AHHHHHHHHHHHHHHHHHHHHHHHHHHHHHHHH i keep finding crap that i want the further i move into this build.... it is WAYYYYY over budget and starting to seriously cut into my custom pc build budget for the winter.... sighhhhhh


----------



## scion1403 (Feb 22, 2012)

this is the system diagram drawn by my non artistic hands








here is the link with LOTS of pics of the new Pioneer AV-8400BH head unit i just purchased.
http://www.diymobileaudio.com/forum...8263-first-2-weeks-new-pioneer-av-8400bh.html


----------



## scion1403 (Feb 22, 2012)

Finally got time to do some more work. 








the drivers side wheel well was done with fatmat








the drivers side quarter section also with fatmat








finally did the drivers side ..also with fatmat








the drivers side rear seat a mixture of fatmat and Stinger Roadkill








Ran the speaker wire and rca's and straightened them up with foil tape.








Installed the first carpet pad panels (passengers side)








finally installed the stinger roadkill on the trans hump








Installed more carpet pad panels. drivers and passengers side








And got the panels on the drivers side too.
Well thats it until wednesday or friday.


----------



## scion1403 (Feb 22, 2012)

finally got some more time.
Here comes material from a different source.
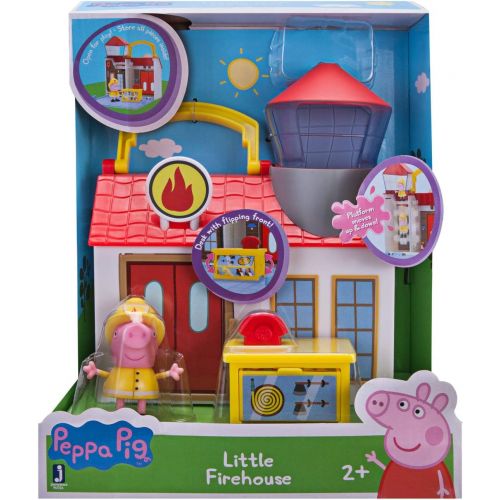  [아마존베스트]Peppa Pig Firehouse Little Places Playset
Put the finishing touches on the vibration dampening








then put the sound dampening on the rear seat panels








next i set about making a hole in the firewall after a lot of looking and a few curse words. i settled upon the spot the installers had used for my remote start(thats the black wire)








I refused to spend 45.00 on the proper drill bit so im using my dremel instead... yes its a pain in the butt but it works. this is about 10 minutes of squeezing my fat ass under the steering wheel








and this is half an hour... not quit there yet... let me explaiin the time... number one im not in good shape, two- im 40 and **** doesnt bend like it used to and three the scion is small as frak and i could only stand 2 or 3 minutes a t a time.








. i went out and did some research and found a better but to do this with will use tomorrow. im installing a 0 gauge stinger grommet in it once its done.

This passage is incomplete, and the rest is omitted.